Das Schäufelchen Glück, oder so, jedenfalls, trotz aller Unkenrufe, regnete es am Morgen nicht, ich konnte alles im Trockenen und Trocken einpacken. Erfreulich war das.
Tagesziel war die Verlegung weiter nördlich von hier. 350 km sollten es sein. Mit der E13 war das prima machbar, die hat den Kurs und man kommt gut voran. Nach 15 Minuten Fahrt war Einpacken angesagt, mehr Klamotten und dazu die Griffheizung.

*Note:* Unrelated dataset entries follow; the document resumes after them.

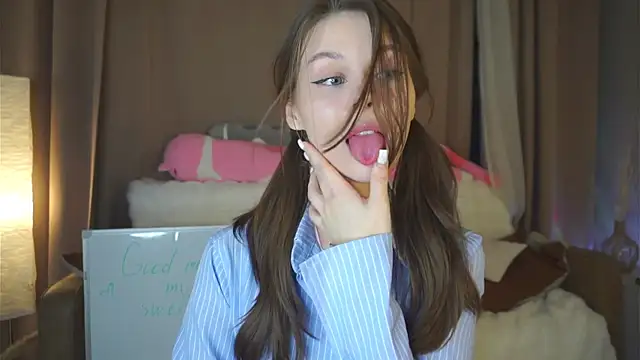 EarthaLevra – Naživo XXX chat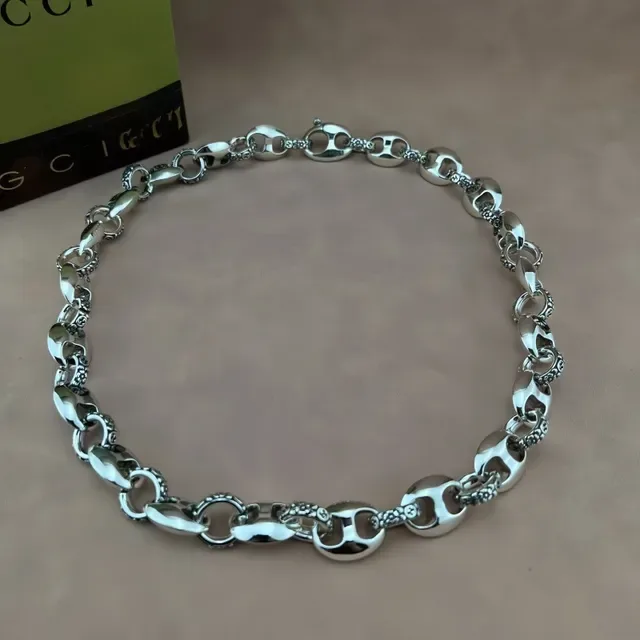 Gucci Iconic Chain Floral-Engraved Silver Tone Bracelet 7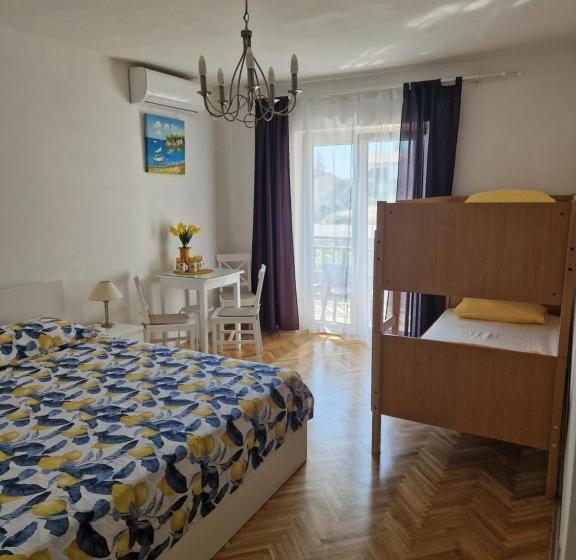 Четырехместный Номер Стандарт Вид на Море, Guest House Lidus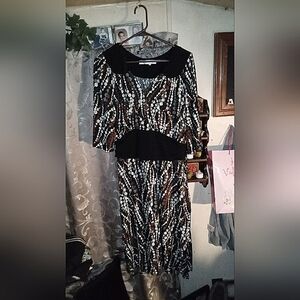 Elegant Black and White Patterned Dress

Die E13 führt, so wie die meisten Straßen in Norwegen, an den Seen und Fjorden entlang. Uferstrecken, lassen sich in einer solchen Bergwelt vermutlich noch mit dem geringsten Aufwand bauen. Wo ein Berg im Weg steht, wird ein Tunnel gebohrt. Davon gibt es hier reichlich. Unterschiedlich ausgestattet, was Beleuchtung und auch die Reflektoren betrifft, kommt keine Langeweile auf. Straßenarbeiten wie bei uns auch, nur hier wird auch mal für ein Stündchen einfach dicht gemacht.
Eine Seitenbegrenzungseinrichtungbetoniermaschine war in Aktion. Die nimmt nahezu die Breite der Straße ein und bewegt sich mit etwa 15 cm pro Minute. Witzig, die Jungs an der Sperre gingen an den wartenden PKW vorbei und informierten über die voraussichtliche Wartezeit. Mir sagte man 20 bis 40 Minuten. Einer asiatischen PKW-Besatzung wurden 2 Stunden avisiert. So entstanden dann bei den mittlerweile ausgestiegenen PKW-Leuten angeregte Diskussionen.

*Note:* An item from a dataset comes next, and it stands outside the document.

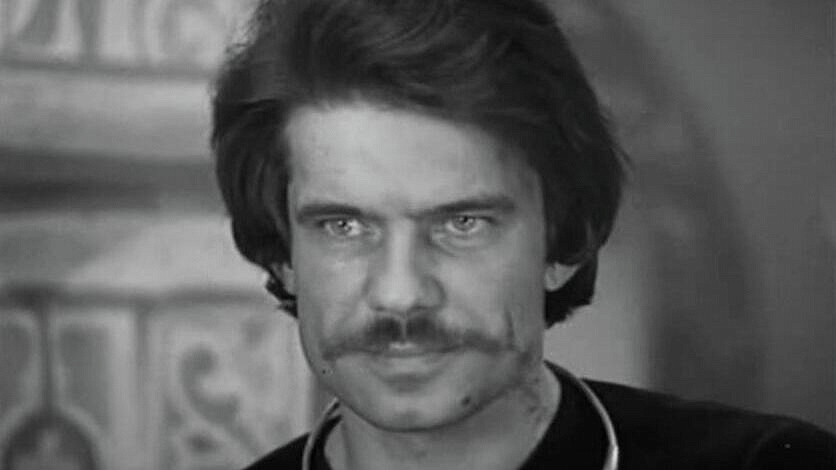 Умер актер Александр Карин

Lattefossen, einer der bekannten Wasserfälle, liegt unmittelbar an der E13. Eine Brücke, ein Parkplatz, ein Kiosk, dazu dieses ungeheure Spektakel vom fallenden Wasser. Eine Urgewalt, ein Rauschen und Stieben, dass einmal mehr deutlich wird, wie winzig klein wir uns gegenüber der Natur ausmachen. Eine Brücke über den Eidfjord mündet in einen Tunnel. Überraschend, nach einigen hundert Metern, kommt ein Kreisverkehr im Tunnel. Zwei Tunnel kreuzen sich hier.
Ein Supermarkt zum Nachtanken, auffälliges Motorbrabbeln nähert sich, ein Cadillac aus den 60er-Jahren hält neben mir. Wenige Minuten später ist der Fahrer auch schon fertig mit dem Einkauf. Mit der Pizza aus dem Eisfach geht es vermutlich wieder heim. Passt irgendwie.
Bis zum geplanten Ziel fahre ich nicht durch, da mich der Tvindefossen aufhält, ein 100 m hoher Wasserfall, welcher sich in Kaskaden in die Tiefe stürzt. Direkt unterhalb ein Campingplatz mit den typischen kleinen Hütten. Da es regnet, entschließe ich mich eine solche zu beziehen. Genial der Blick zur Türe hinaus, direkt auf den Fall.
Am frühen Abend genieße ich nach einem kurzen Anstieg, die Ansicht von oben. Die Drohne hilft mir dabei, einen faszinierenden Blick über die Kante zu erleben.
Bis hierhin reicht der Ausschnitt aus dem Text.